Predicate Pushdown

GigaSpaces enhances the Agile Spark pushdown predicate capability by leveraging our native advanced indexing mechanism, to retrieve only relevant data entries when running a query (filter). This ability to filter directly on the source (instead of on the target as is done in the vanilla Apache Spark architecture) dramatically improves performance and reduces network overhead.

Indexing

Pushdown predicates are dependent on indexing the relevant fields. The indexing can be adjusted to improve performance further, as described in the Indexing section. You can also refer to the Data Modeling topic.

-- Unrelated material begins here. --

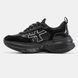 Premiata Hill Black pm-23659-38 фото 5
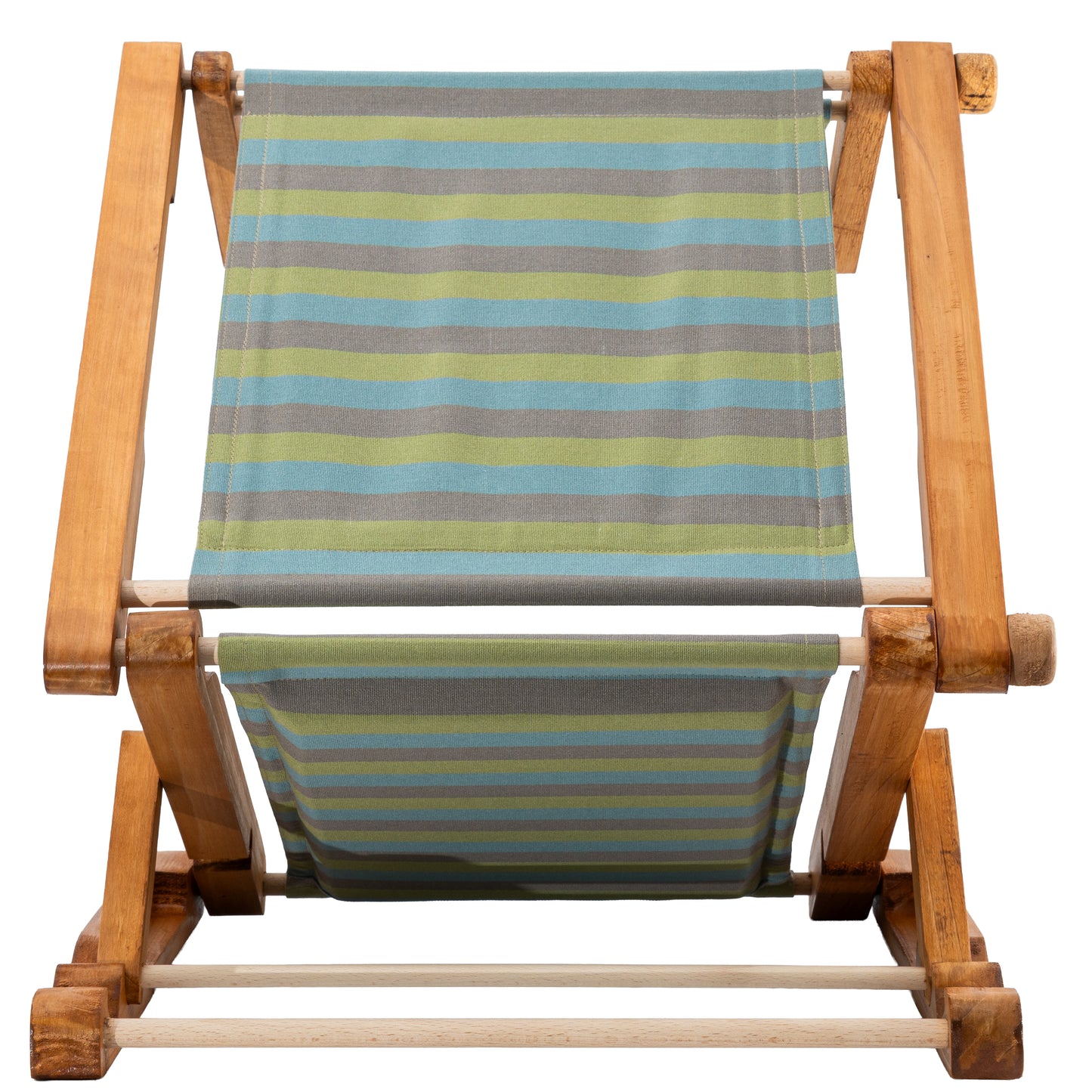 Sunsha Marés - Sunsha Official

Pushing Predicates to the Data Grid

When executing a query in GigaSpaces, the following predicates are pushed down to the grid level.

Basic equality comparisons:

  • EqualTo, GreaterThan, GreaterThanOrEqual, LessThan, LessThanOrEqual
  • IsNull, IsNotNull
  • In

Geospatial predicates:

  • GeoIntersects
  • GeoWithin
  • GeoContains

For more information about the geospatial predicates, refer to the GeoSpatial API topic.

RDD API

To use the pushdown predicates with RDD, you can use the gridSql API as shown in the following example. With this API, the queries are performed in the data grid.

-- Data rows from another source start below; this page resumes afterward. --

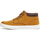 Chaussures Homme Baskets mode Kappa Logo Fesant 2 Marron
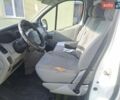 Белый Ниссан Примастар, объемом двигателя 2 л и пробегом 291 тыс. км за 7200 $, фото 1 на Automoto.ua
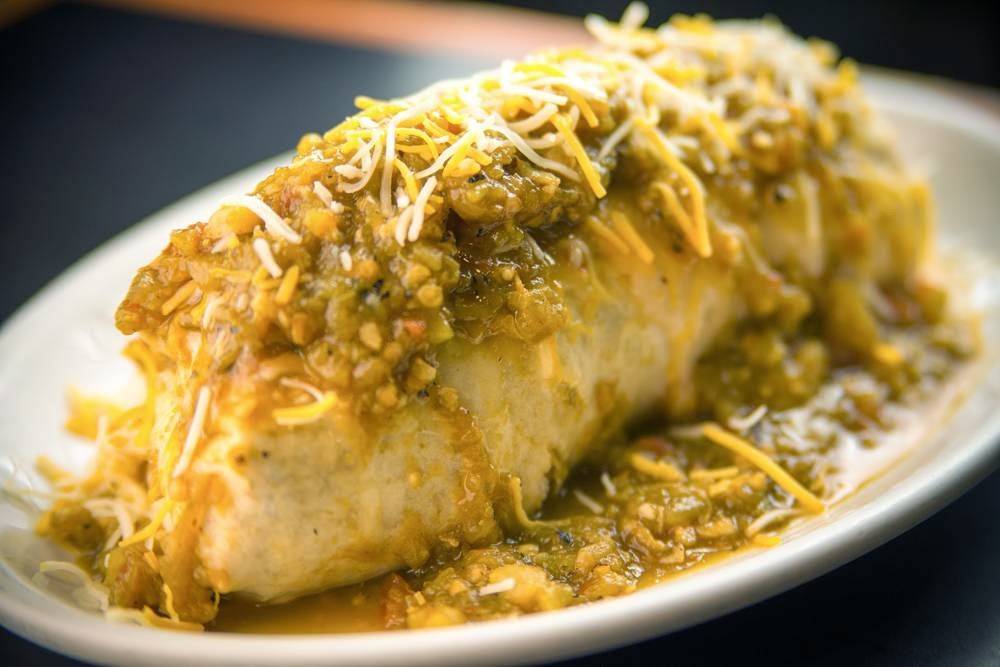 Kings Chef Diner | restaurant | 131 E Bijou St, Colorado Springs, CO 80903, USA | 7196365010 OR +1 719-636-5010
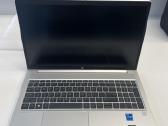 Hp Probook 450 G9 i5-1235u 16 GB RAM 256 GB SSD - nuotraukos Nr. 4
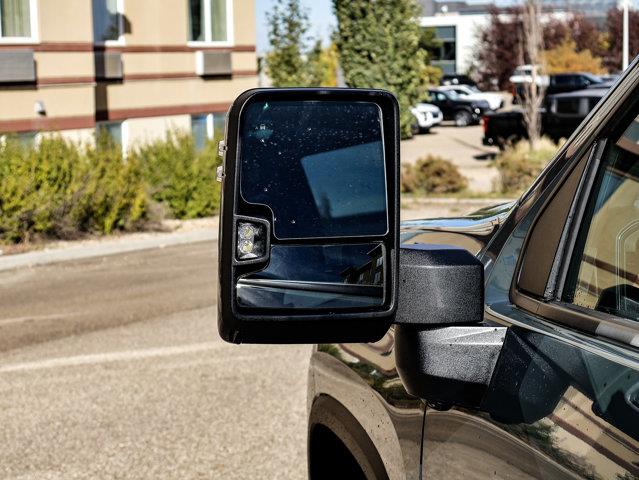 chevrolet Silverado 3500HD 2026 - 10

val rdd1 = sc.gridSql[Product]("quantity > 0")...

val rdd2 = sc.gridSql[Product]("quantity > ? and featuredProduct = ?", Seq(10, true))

Geospatial API Support

When using the geospatial API with the RDD API, the predicate is pushed down to the grid and the filtering is done on the data grid side. The gridSql API receives a Data Grid SQL query.

val rdd = sc.gridSql[SpatialData]("location spatial:within ?", Seq(circle(point(10,10), 10)))

For more information about these types of queries, refer to the RDD API topic.

DataFrame/DataSet APIs

When using the DataFrame or DataSet APIs, filters are performed in the client side (executors). If you choose to work with these APIs, use the regular syntax of the filter and where APIs. GigaSpaces pushes down the supported predicates to the grid level.

//DataFrame
val df = spark.read.grid[Product].where("quantity > 0")

//Dataset
val ds = spark.read.grid[Product].as[Product].where("quantity > 0")

When using the custom function syntax for filtering, the filtering itself is performed on the client side, not in the data grid.

//This does not use pushdown predicates and is performed in the client side.
spark.read.grid[Product].as[Product].filter(p => p.quantity > 0).count()

Geospatial API Support

Although this API is supported, the predicates are not pushed down to the data grid and therefore filtering is done on the client side.

val df = sqlContext.read.grid[SpatialData]
val data = df.filter(df("location") geoWithin circle(point(10,10), 10))

For more information about using geospatial predicates with these APIs, refer to the Dataset API and DataFrame API topics.

Aggregations

Currently, Apache Spark does not push down aggregation queries (groupBy, count, etc.) to the data source. When this functionality becomes available in Apache Spark, it can also be used in GigaSpaces.